So I think you look at what happened over the course of October to December in 2018 and clearly the markets showed that it continues to be volatile. And within North America, we saw the market reactions, we saw lower volumes and that impacted well construction product lines for us obviously we are not as exposed on the pressure pumping side but we do expect that to continue at least through the first half. As you mentioned there is encouragement relative to the second half and we'll see how that pans out we're staying close to our customers but second half could be better, let's wait and see.

Bill Herbert

Analyst · Simmons. Your line is now open.

And can you remind us; you mentioned that your international outlook is largely unchanged, what does that basically mean in terms of an expectation for the growth in E&P capital spending internationally for 2019?

Lorenzo Simonelli

Analyst · Simmons. Your line is now open.

Yes. As we mentioned our outlook for international remains unchanged and if you look at some of the wins that we announced in 2018, a lot of those were international with Equinor on the Norwegian Continental Shelf, Marjan in Saudi, also the Qatar drilling. So we will be seeing growth there from those execution.

Operator

Operator

Thank you. And our next question comes from Scott Gruber with Citigroup. Your line is now open.

Scott Gruber

Analyst · Citigroup. Your line is now open.

So want to stay on in international side of that certainly the international growth in 2018 relative to the rig count growth was impressive, you clearly have taken some share on the international side which is a key initiative of the company post merger. Are you satisfied with where the share will sit once these latest contract wins are fully realized, are you targeting additional share gains and how you've been mentioning the share gains in order to measuring your performance?

Lorenzo Simonelli

Analyst · Citigroup. Your line is now open.

Yes, Scott, just on the international side clearly there is a lot of activity in many countries and what we always said was there's an opportunity for they can use to come in and regain some lost territory there. I think we made good progress in 2018. The commercial intensity is there. We've now got dedicated plans by sales person and we've got the accountability that's going to continue in 2019. And I think again you're going to continue to see us having the opportunity to gain share as well as accrete margin within in the OFS business.

Scott Gruber

Analyst · Citigroup. Your line is now open.

Great. And just on the margins in OFS, they are little lighter than we expected in 4Q, was that primarily driven by the completion slowdown in the U.S., what was kind of trajectory in the business in the U.S. versus international?

Lorenzo Simonelli

Analyst · Citigroup. Your line is now open.

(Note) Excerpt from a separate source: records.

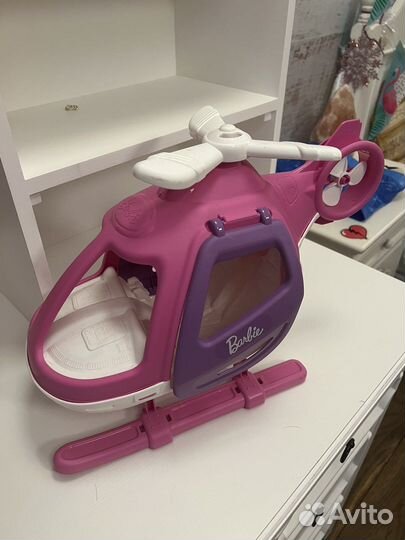 Вертолет для барби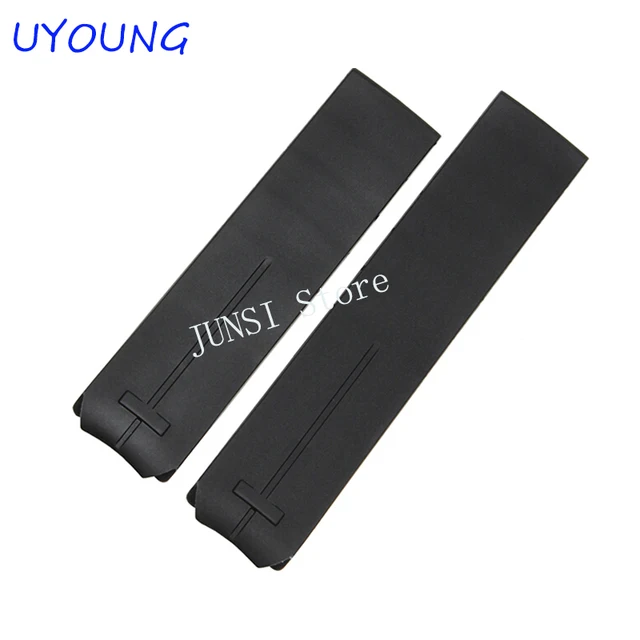 Quality Natural Rubber Men S Watch Band 20mm Replacement Silicone Quality Natural Rubber Men S Watch Band 20mm Replacement Silicone Bands For Tissot T Touch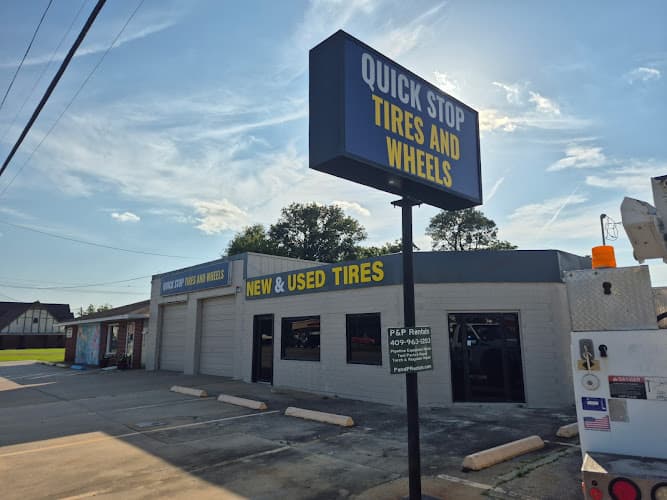 Quick stop Tires & wheels in Nederland, TX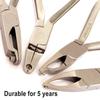 Dental Orthodontic Invisible Invisable Brace Plier Cylinder Forming Undercut Forming Plier Dentist Tool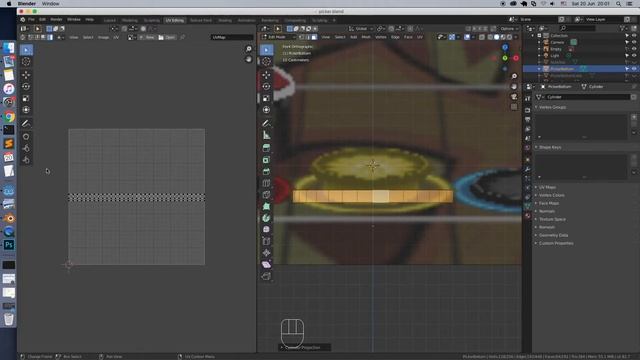 Godot Engine 3D Rhythm Game Tutorial / Part 8.2 - Picker 3D modeling, texturing and import to Godot смотреть онлайн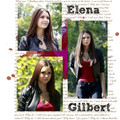 Elena  - elena-gilbert fan art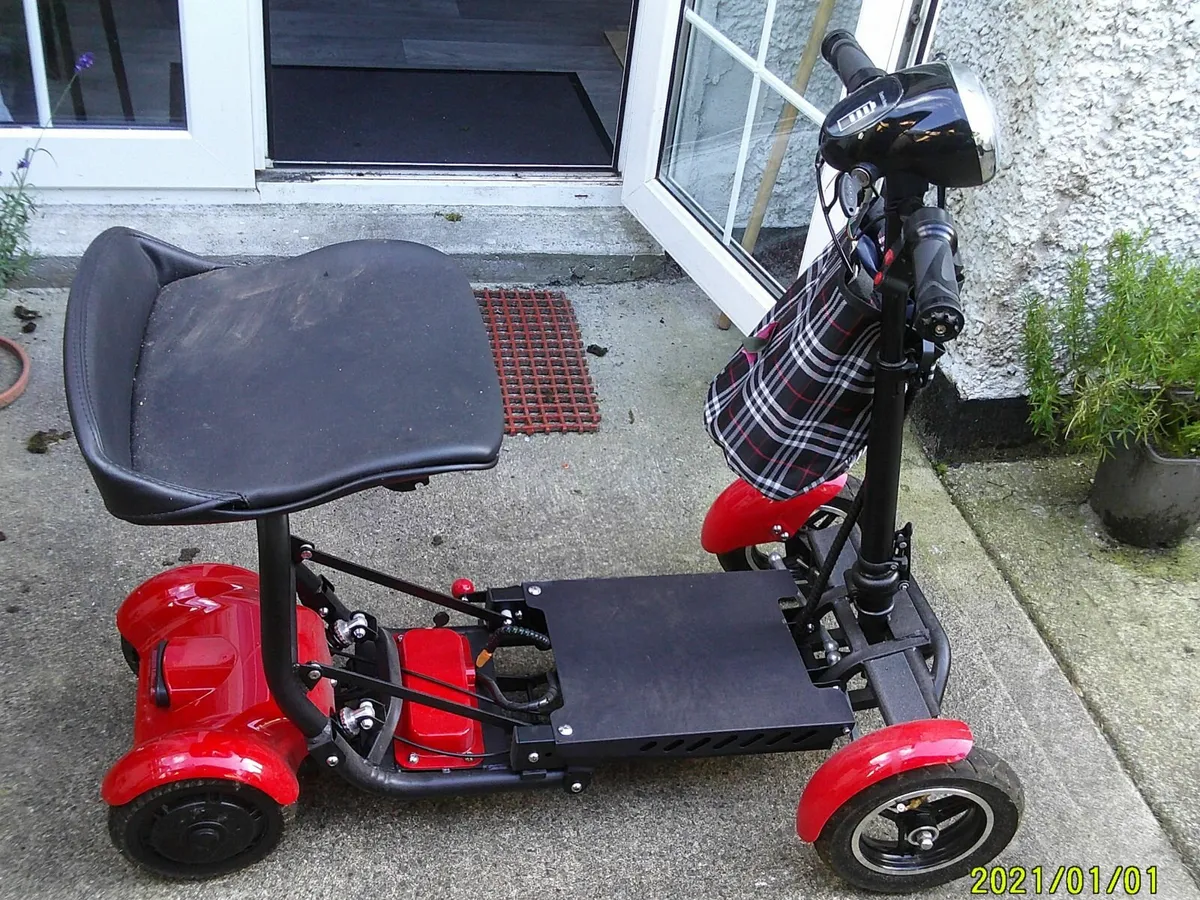 folding mobility scooter - Image 2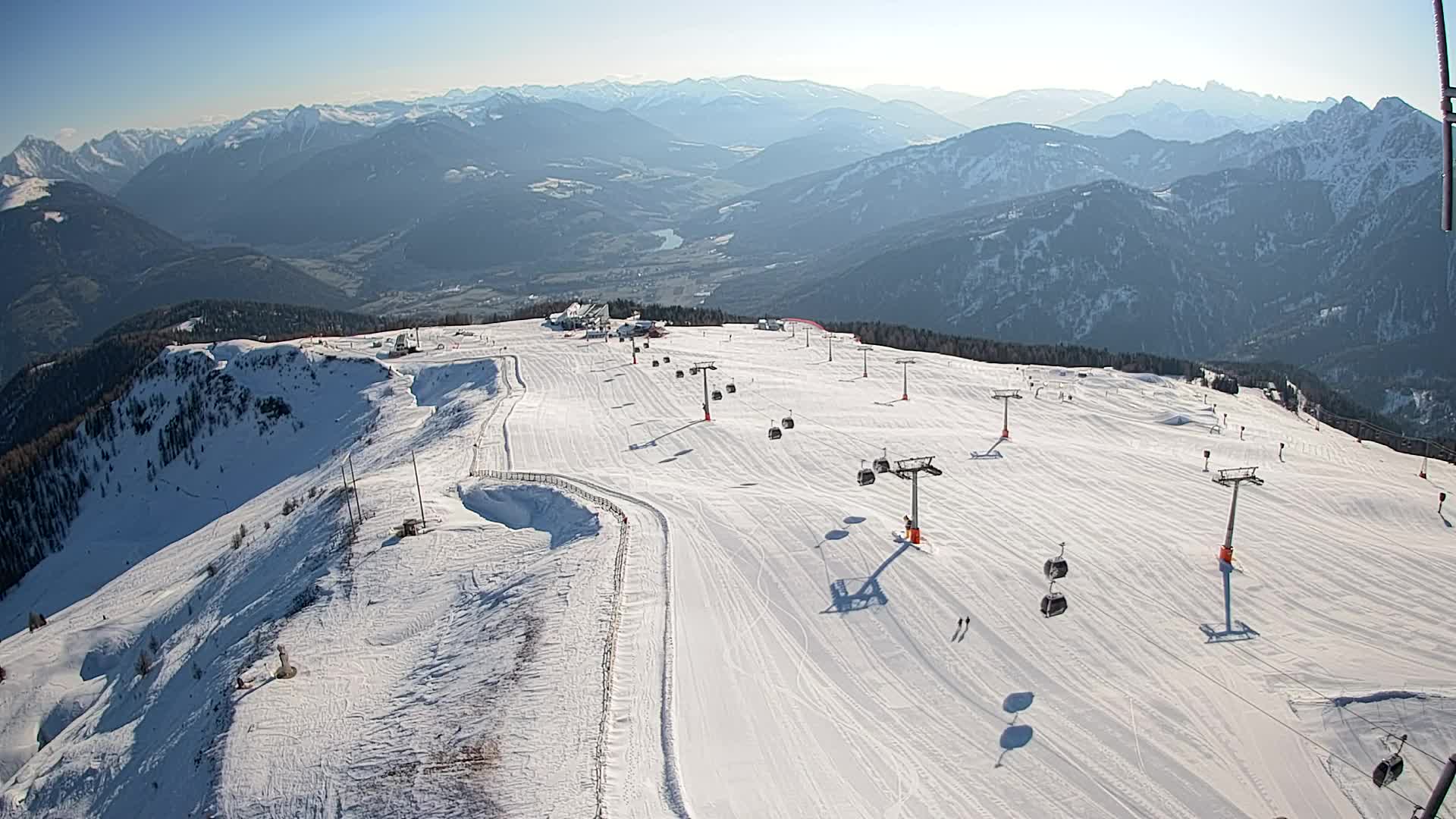 Kronplatz peak | view to Valdaora – Olang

Yes, if you take a look at fourth quarter from a macro standpoint, we are more insulated than others but clearly not immune to what was going on in North America. Activity was lower in completions. So we did see an impact there. But we do expect artificial lift and chemicals to continue to remain strong as they did in the fourth quarter. One thing in the fourth quarter that we saw is pricing was softer in North America than we had expected and we did see -- we did see that come through a bit. But revenue was up 2% in EMEA and international was up 3%. Within North America, we did see the impact come through on the profit line of the completions mix. Additionally in OFS, we did have some lower international pressure pumping utilization and that obviously has an impact on margin rates. So some market dynamics there that were giving us some pressure. We did see more synergies come through, so I was very happy with how Maria Claudia and the team executed on taking cost out of the business but we did see some higher inflation come through on the material side. And remember we talked about it at the end of the third quarter on the call that we did have some higher ramp up costs associated with those large international wins as we positioned resources to start executing on those. So we'll still have some of those ramp costs come through but obviously you'll start to see margin come through on those later in 2019.

Operator

Operator

Thank you. And our next question comes from David Anderson with Barclays. Your line is now open.

David Anderson

Analyst · Barclays. Your line is now open.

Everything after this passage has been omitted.